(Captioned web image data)
..........

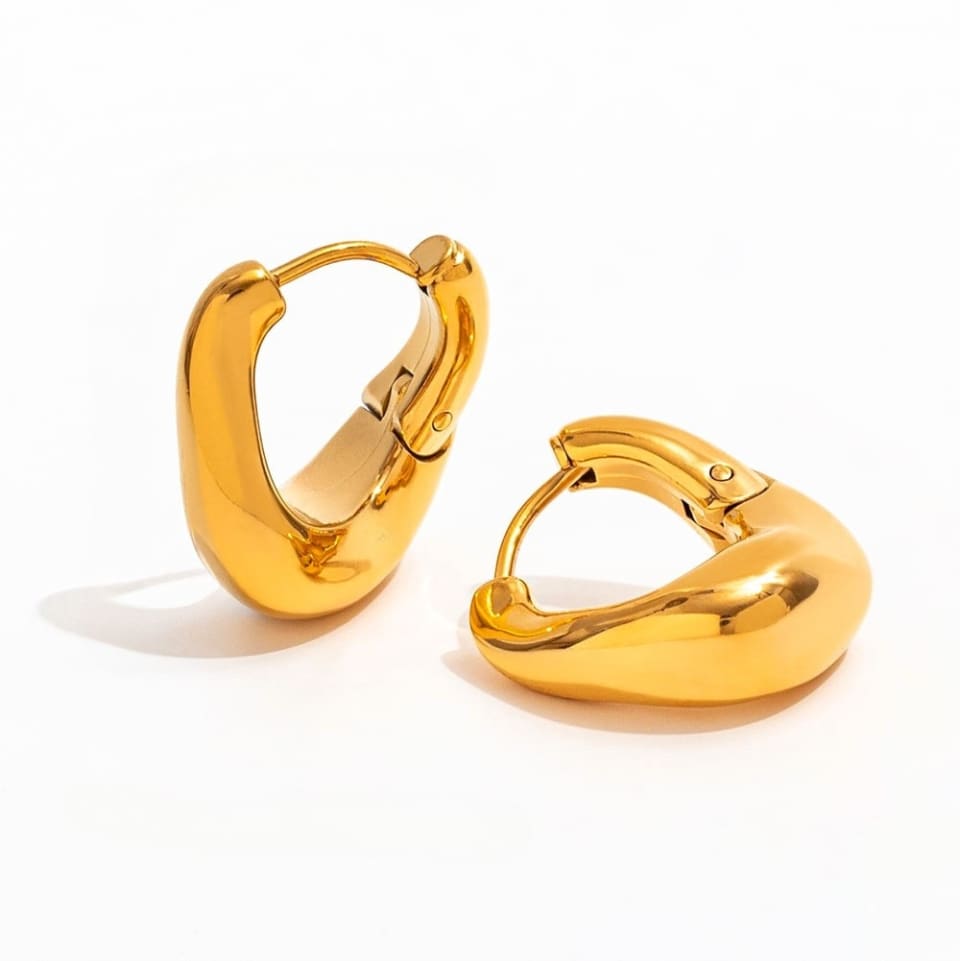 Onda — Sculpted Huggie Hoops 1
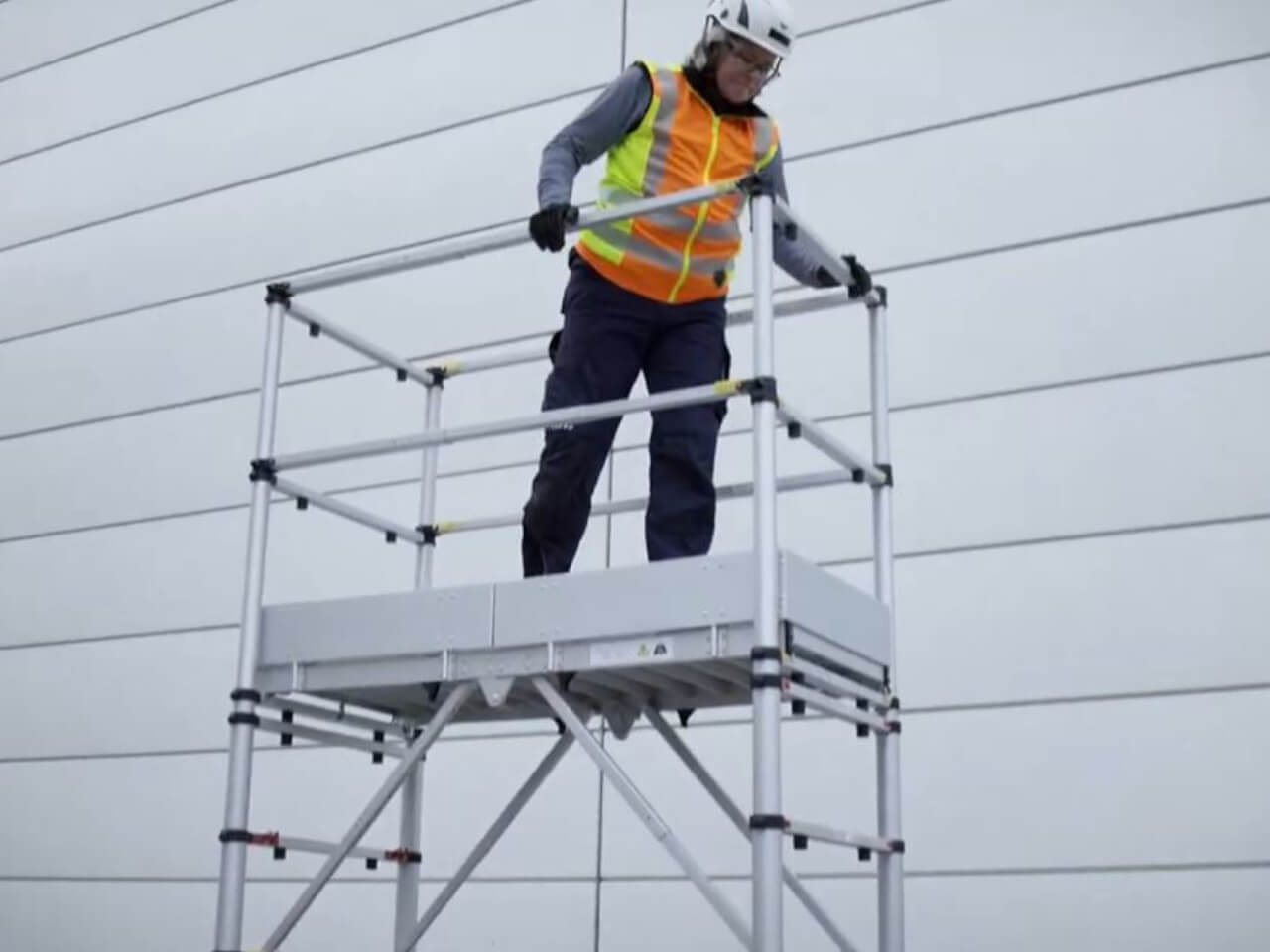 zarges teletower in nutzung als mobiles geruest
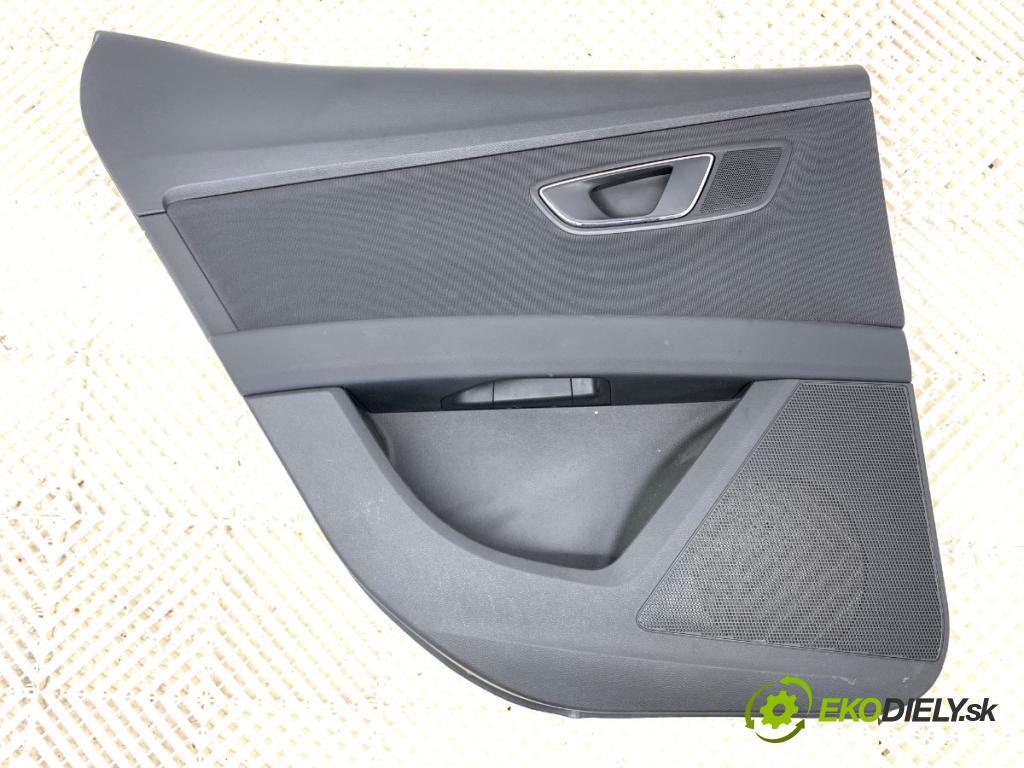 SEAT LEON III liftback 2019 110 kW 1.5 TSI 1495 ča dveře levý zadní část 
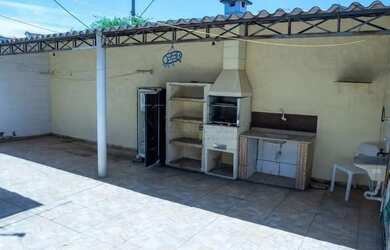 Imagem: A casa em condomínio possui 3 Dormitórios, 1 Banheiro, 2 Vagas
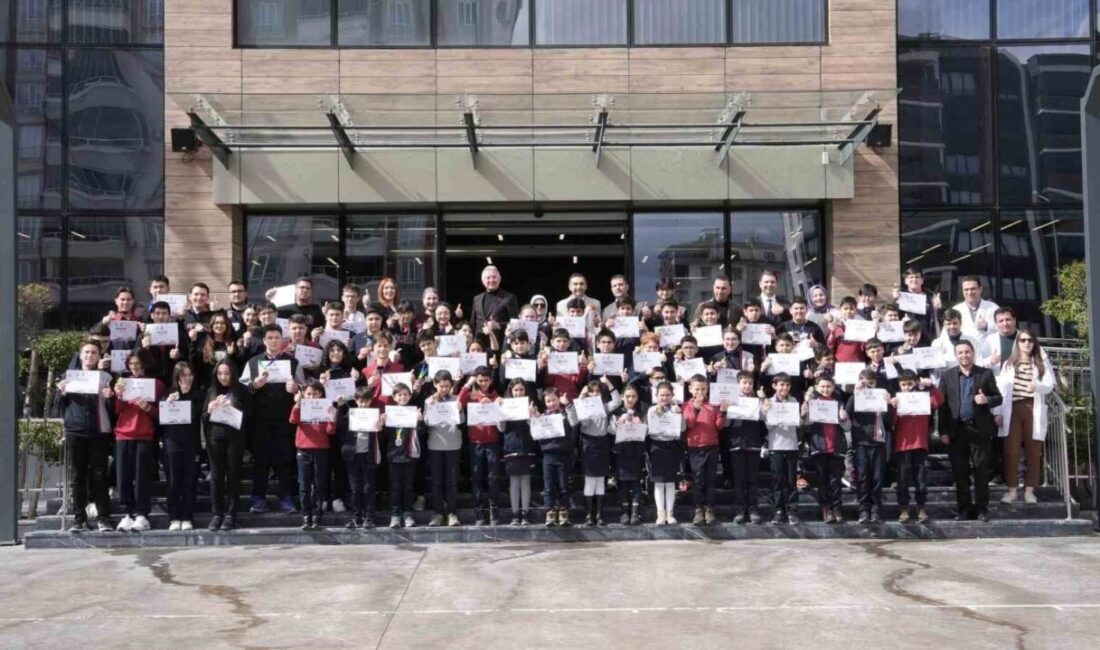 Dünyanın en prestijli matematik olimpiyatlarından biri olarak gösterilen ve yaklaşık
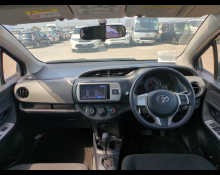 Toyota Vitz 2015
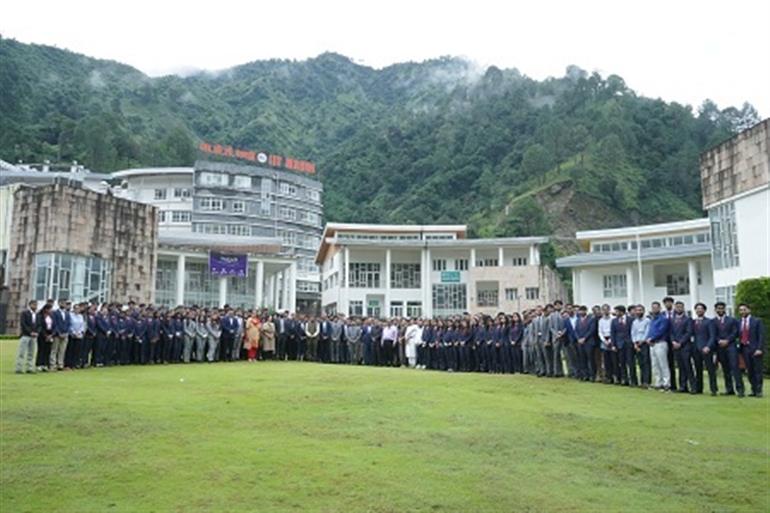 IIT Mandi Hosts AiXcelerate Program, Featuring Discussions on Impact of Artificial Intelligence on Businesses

..........

**Task directions**
What the answer needs is every line from the one containing "zarges teletower in" through the final line of the data above, copied exactly, without pictures.

**Solved exercise**
 zarges teletower in nutzung als mobiles geruest
 SEAT LEON III liftback 2019 110 kW 1.5 TSI 1495 ča dveře levý zadní část 
 Imagem: A casa em condomínio possui 3 Dormitórios, 1 Banheiro, 2 Vagas
 Dünyanın en prestijli matematik olimpiyatlarından biri olarak gösterilen ve yaklaşık
 Toyota Vitz 2015
 IIT Mandi Hosts AiXcelerate Program, Featuring Discussions on Impact of Artificial Intelligence on Businesses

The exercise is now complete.